Only Randy Armstrong, a resident of District 1, had a request for assistance other than funding. He requested an explanation of why he had been told there is little chance of his road “ever being graveled or paved.” “What’s it going to take?” he asked plaintively several times. His request concerned Arrow Lane, where his home is located, a three-quarter mile road in Cox Cove that serves two residences.
When it became clear from discussion that such a road does not carry a high paving priority because of the limited number of people served, Commission Chairman Chris Green entered the discussion.

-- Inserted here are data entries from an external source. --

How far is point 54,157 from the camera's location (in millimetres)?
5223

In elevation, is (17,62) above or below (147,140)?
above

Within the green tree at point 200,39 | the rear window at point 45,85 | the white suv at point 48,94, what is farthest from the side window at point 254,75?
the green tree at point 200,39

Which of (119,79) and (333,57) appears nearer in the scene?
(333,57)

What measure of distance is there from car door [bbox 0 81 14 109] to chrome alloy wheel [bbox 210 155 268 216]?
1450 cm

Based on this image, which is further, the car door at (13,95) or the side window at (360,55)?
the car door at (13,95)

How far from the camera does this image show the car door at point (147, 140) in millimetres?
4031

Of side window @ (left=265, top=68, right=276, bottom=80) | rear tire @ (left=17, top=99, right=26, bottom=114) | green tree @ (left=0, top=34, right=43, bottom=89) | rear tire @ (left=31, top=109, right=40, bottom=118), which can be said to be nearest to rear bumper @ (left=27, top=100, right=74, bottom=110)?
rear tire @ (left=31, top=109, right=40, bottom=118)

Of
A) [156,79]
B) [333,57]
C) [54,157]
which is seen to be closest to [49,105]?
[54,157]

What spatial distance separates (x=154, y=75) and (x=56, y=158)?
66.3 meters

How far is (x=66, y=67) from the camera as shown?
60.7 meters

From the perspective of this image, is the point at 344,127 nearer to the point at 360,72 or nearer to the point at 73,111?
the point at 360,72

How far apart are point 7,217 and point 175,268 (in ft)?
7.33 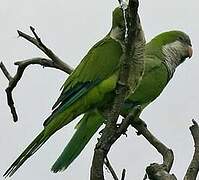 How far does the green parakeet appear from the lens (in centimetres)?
269

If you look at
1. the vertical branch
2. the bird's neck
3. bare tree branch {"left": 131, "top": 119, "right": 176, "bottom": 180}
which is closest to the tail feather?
bare tree branch {"left": 131, "top": 119, "right": 176, "bottom": 180}

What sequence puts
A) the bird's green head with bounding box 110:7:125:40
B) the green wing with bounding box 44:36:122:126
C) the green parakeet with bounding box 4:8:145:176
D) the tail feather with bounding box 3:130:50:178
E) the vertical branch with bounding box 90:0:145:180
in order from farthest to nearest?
the green wing with bounding box 44:36:122:126
the green parakeet with bounding box 4:8:145:176
the bird's green head with bounding box 110:7:125:40
the tail feather with bounding box 3:130:50:178
the vertical branch with bounding box 90:0:145:180

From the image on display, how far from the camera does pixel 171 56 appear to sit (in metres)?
3.99

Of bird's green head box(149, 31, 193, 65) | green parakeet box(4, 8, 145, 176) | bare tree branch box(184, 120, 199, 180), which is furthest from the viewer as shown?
bird's green head box(149, 31, 193, 65)

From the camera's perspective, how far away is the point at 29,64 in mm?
2330

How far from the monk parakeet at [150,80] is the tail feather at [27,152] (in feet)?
0.87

Referring to low-traffic volume roads like Arrow Lane and others that do not qualify for special funding like the 10 recent projects funded by the Alabama Transportation Rehabilitation and Improvement Program (ATRIP), Green said: “We desperately need more revenues to do what we need to do with the many roads like this one in Blount County. Unfortunately, the people of the county defeated the last local revenue measure designed to generate revenue for roads (the $15 tag-fee increase of 2008) by 86 percent opposed to 14 percent in favor. We’ve obviously got a lot of work to do in this area.” Budget request amounts
In her letter to the commission, Burns requested $15,000, the same amount the commission contributed last year to help fund the retention of two employees whose salaries were eliminated in the 2011-2012 budget cycle by the Alabama Administrative Office of Courts, which funded them until that time.
Sheldon did not mention the amount of funding she would request for 2013-2014 in her presentation to the commission, but in a follow-up letter requested the same amount as for the current fiscal year: $19,200.
Likewise, in his presentation, Donny Ray did not name an amount for the Blount County-Oneonta Chamber of Commerce for 2013-2014, and his followup letter was not available for this writing. The amount budgeted for the current year was $65,000.